In America the president is considered to be the real head of the executive. The president has a fixed tenure and can be removed only through a difficult process of impeachment. The president is not answerable to congress and the president is not required to consider the decisions of the secretary and in this sense is different from India. However, this should not be construed to mean that the president has absolutely unlimited powers and there is absolutely no check kept on the President by the other departments. The rules framed by the president can be checked for constitutionality and any rule inconsistent with the constitution can be declared to be unenforceable by the apex court. The Congress also keeps a check on the executive by deciding upon the payment to be received by the personnel of the executive and framing rules for functioning of the executive. This in no way implies that the Congress can frame arbitrary and unreasonable rules with respect to the executive department and its functioning. This power is limited by the judiciary which can declare any rule made by the Congress or the executive to be unconstitutional.
By going through the different provisions of the respective constitutions of India and USA, it can be observed that though both the countries do not provide for absolute and rigid separation of power, the separation of power applied by the Constitution theoretically in the US is stricter than that applied in India. Though the Constitutions of both the countries do not explicitly provide for separation of power in all the departments, it can very well be implied from the various provisions of the constitution. A distinction in this regard has to necessarily be made with regards to the Indian scenario and the control of legislature over the executive and vice-versa. In India, the president can only be considered to be the nominal head.

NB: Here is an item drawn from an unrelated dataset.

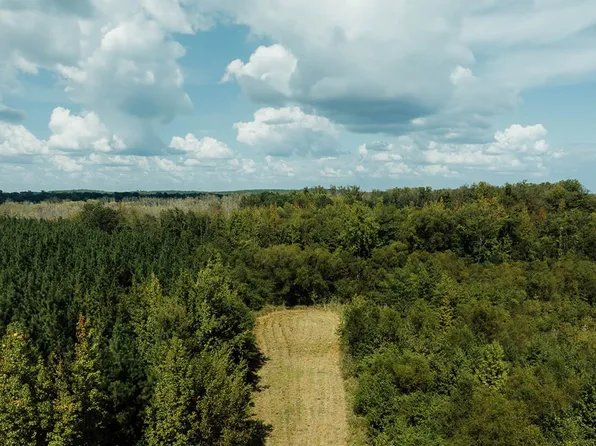 Savage St, Millport, AL 35576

The president has to make decisions under the aid and advice of the council of ministers who are a part of the legislature. Also, the prime minister, who may be construed to be the real head can dissolve a parliament. Therefore, it can be pointed out that though there remain fundamental similarities in the operation of the doctrine in India and USA, there are certain differences which cannot be overlooked. The structure adopted by both the countries is often criticized. However, it is pertinent to note that both the countries have adopted the practice which would be best for them keeping in mind the social and historical conditions that the countries had been through.